**Supplied information:**
# # # # # # #

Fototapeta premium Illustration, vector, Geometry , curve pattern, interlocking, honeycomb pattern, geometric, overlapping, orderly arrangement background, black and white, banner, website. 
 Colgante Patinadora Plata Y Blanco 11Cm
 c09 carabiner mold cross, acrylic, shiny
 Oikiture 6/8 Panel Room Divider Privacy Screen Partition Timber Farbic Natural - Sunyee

# # # # # # #

**Activity:** Output the entire listing precisely as it stands.

**Solution for this problem:**
Fototapeta premium Illustration, vector, Geometry , curve pattern, interlocking, honeycomb pattern, geometric, overlapping, orderly arrangement background, black and white, banner, website. 
 Colgante Patinadora Plata Y Blanco 11Cm
 c09 carabiner mold cross, acrylic, shiny
 Oikiture 6/8 Panel Room Divider Privacy Screen Partition Timber Farbic Natural - Sunyee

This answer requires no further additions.